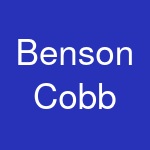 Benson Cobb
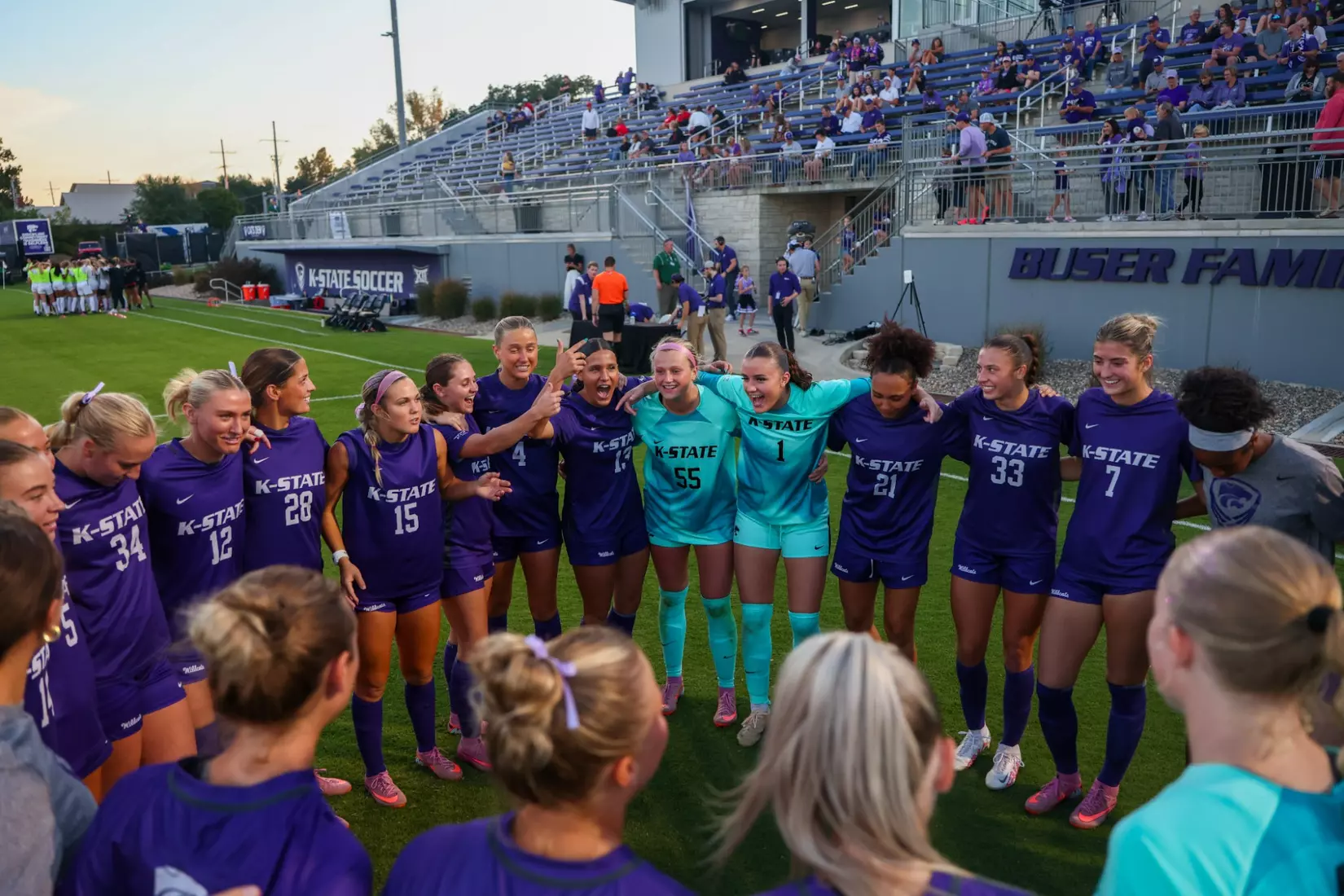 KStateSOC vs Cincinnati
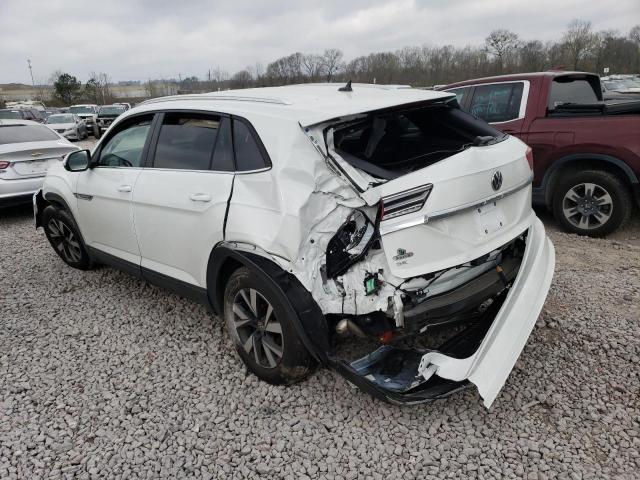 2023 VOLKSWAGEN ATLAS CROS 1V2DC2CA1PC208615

---

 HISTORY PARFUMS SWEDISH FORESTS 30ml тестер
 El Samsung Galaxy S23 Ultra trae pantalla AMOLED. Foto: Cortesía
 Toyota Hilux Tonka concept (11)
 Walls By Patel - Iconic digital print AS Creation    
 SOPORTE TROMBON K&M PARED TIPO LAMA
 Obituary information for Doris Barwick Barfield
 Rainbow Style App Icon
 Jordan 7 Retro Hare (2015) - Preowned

...

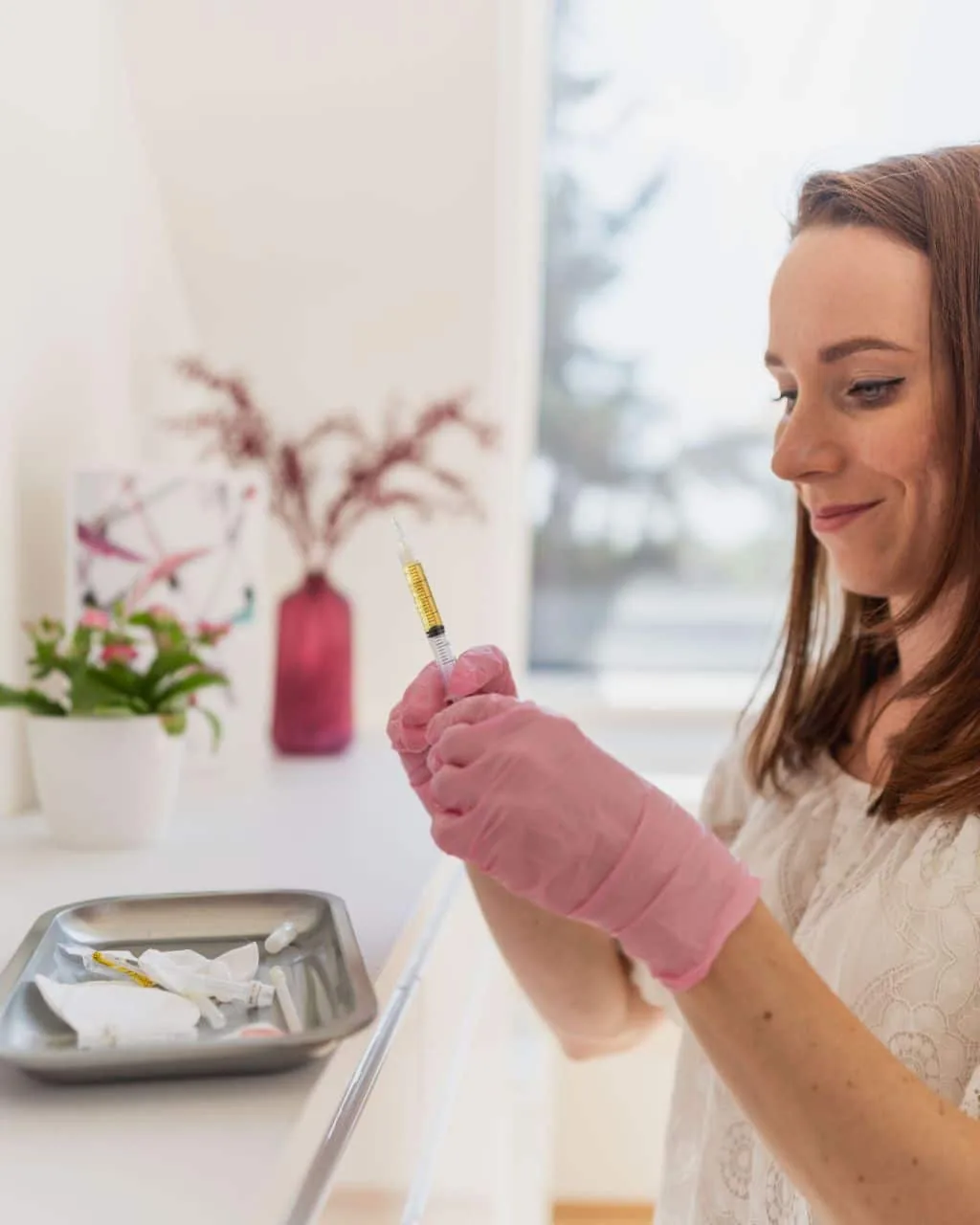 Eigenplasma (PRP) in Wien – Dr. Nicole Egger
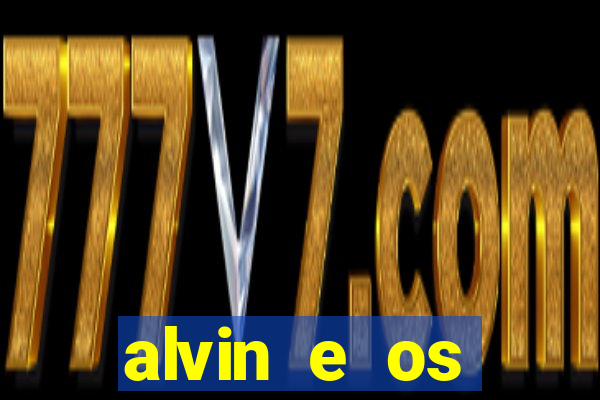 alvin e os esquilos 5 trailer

WHAT YOU ARE ASKED TO DO ▸ Output exactly those lines of the data above that run from the line with "Benson Cobb" up to and including the line with "2023 VOLKSWAGEN ATLAS CROS 1V2DC2CA1PC208615". No pictures go in.

OUTPUT FOR THIS TASK ▸
 Benson Cobb
 KStateSOC vs Cincinnati
 2023 VOLKSWAGEN ATLAS CROS 1V2DC2CA1PC208615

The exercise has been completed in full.